Note: Don’t do the Ice Cube Method if you have circulatory issues, or if your skin goes numb right away. Frostbite is definitely not the goal here. When in doubt, check with your doctor first.
You can practice either Toe Pose or the Ice Cube Method, or both on alternate days—however you want to do it. The key is to practice regularly and consistently.
Throughout, remember: This is your practice. You are in charge. You make the decisions. And you can stop at any time. Be compassionate with yourself, and thank yourself and your baby. Also, keep in mind that nothing is permanent. Not Toe Pose; not ice-cube juggling; not a contraction.
How to Practice Either Method
You’ll do three rounds. For each round, set a timer for 30–60 seconds.
Between rounds, rest for 60 seconds. Place the tops of your feet on the floor and sit back on your heels for a counter stretch. Or place the ice aside.
Simply notice where, if anywhere, you’re feeling discomfort. And pay attention to what you tend to do when you’re uncomfortable.

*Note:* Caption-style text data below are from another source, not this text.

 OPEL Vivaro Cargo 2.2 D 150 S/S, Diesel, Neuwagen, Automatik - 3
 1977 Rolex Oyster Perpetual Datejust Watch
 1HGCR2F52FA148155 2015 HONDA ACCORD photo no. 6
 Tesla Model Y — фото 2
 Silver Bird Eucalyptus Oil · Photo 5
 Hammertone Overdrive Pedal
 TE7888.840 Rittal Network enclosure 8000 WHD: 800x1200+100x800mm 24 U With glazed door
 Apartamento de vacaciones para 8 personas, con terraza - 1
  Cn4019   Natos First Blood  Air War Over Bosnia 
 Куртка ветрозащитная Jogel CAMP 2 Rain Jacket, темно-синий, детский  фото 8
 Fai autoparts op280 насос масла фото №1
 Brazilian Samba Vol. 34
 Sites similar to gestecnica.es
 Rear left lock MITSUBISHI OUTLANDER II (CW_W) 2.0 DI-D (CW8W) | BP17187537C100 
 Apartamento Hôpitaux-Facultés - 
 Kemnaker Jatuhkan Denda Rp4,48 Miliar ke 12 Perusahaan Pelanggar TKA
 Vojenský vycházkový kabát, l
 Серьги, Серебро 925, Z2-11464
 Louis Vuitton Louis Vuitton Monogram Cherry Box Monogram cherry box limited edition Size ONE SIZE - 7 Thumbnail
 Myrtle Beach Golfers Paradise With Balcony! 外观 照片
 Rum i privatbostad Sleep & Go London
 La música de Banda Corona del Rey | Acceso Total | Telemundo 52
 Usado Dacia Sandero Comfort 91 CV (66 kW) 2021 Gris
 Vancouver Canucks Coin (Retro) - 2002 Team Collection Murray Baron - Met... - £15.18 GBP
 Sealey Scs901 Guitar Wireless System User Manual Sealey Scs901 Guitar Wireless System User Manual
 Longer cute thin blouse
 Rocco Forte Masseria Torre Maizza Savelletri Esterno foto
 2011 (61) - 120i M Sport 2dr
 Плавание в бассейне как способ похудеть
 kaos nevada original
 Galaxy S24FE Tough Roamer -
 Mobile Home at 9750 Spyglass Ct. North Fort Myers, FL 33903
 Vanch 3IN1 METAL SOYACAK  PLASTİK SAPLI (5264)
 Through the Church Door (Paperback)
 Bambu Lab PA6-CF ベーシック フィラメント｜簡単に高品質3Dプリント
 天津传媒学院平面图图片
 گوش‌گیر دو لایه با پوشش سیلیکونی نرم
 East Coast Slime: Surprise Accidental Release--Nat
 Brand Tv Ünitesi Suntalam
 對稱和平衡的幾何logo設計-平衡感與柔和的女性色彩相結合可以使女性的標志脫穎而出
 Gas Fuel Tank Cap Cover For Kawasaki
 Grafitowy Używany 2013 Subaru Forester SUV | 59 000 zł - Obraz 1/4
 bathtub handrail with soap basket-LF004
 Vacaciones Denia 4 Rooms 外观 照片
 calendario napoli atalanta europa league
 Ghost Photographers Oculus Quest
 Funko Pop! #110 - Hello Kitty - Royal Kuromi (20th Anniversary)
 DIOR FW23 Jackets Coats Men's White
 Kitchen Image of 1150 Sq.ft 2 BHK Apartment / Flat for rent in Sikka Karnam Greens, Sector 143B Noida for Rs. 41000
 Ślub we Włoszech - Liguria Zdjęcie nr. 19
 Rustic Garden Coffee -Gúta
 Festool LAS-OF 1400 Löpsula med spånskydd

Is your breathing getting shallower? Are you starting to sweat? Is your heart rate speeding up?
Do you start to fidget? Do you close your eyes? If you’re doing Toe Pose, do you find yourself moving forward a bit to lessen the intensity? Or maybe you naturally move more deeply into the pose—interesting—bring it on! If you’re holding ice, do you let it move around on your hand, or between hands?
Are you feeling annoyed or angry? Do you swear or feel like crying? Or laughing? Do you crave touch or comfort?
This time, focus on your breath (using a favourite breathing technique, or simply noticing the inhalation and exhalation) or another focal point. I had a client who made her own beautiful jewelry, and when practicing Toe Pose, she would mentally walk through the steps it took to make a piece of jewelry. For her, that was meditative.
Focus on your breath or the focal point you used in Round 2. Then change one thing.
For example, if you’ve been instinctively closing your eyes, keep them open this time. Or maybe tell yourself over and over again, mantra-style, how strong and capable you are. Because you are, you know. “I am STRONG.” “I AM doing this.” Get curious about the sensation you’re experiencing. Get friendly with it, and see if you can envision it helping you rather than hurting you.
I won’t lie. You can enroll in the best prenatal class out there, read all the birth books in the library, hire a doula, and practice Toe Pose and the Ice Cube Method till the cows come home. This is all fantastic preparation for birth, and I promise it will help you immensely. But the real deal with still exceed all expectations you might have, in beautiful ways and in possibly really challenging ways. It’s a mind-blowing adventure, and like any epic journey you head out on, there’s only so much the guidebooks and workshops and physical conditioning can prepare you for. But that’s part of the fun, wouldn’t you say?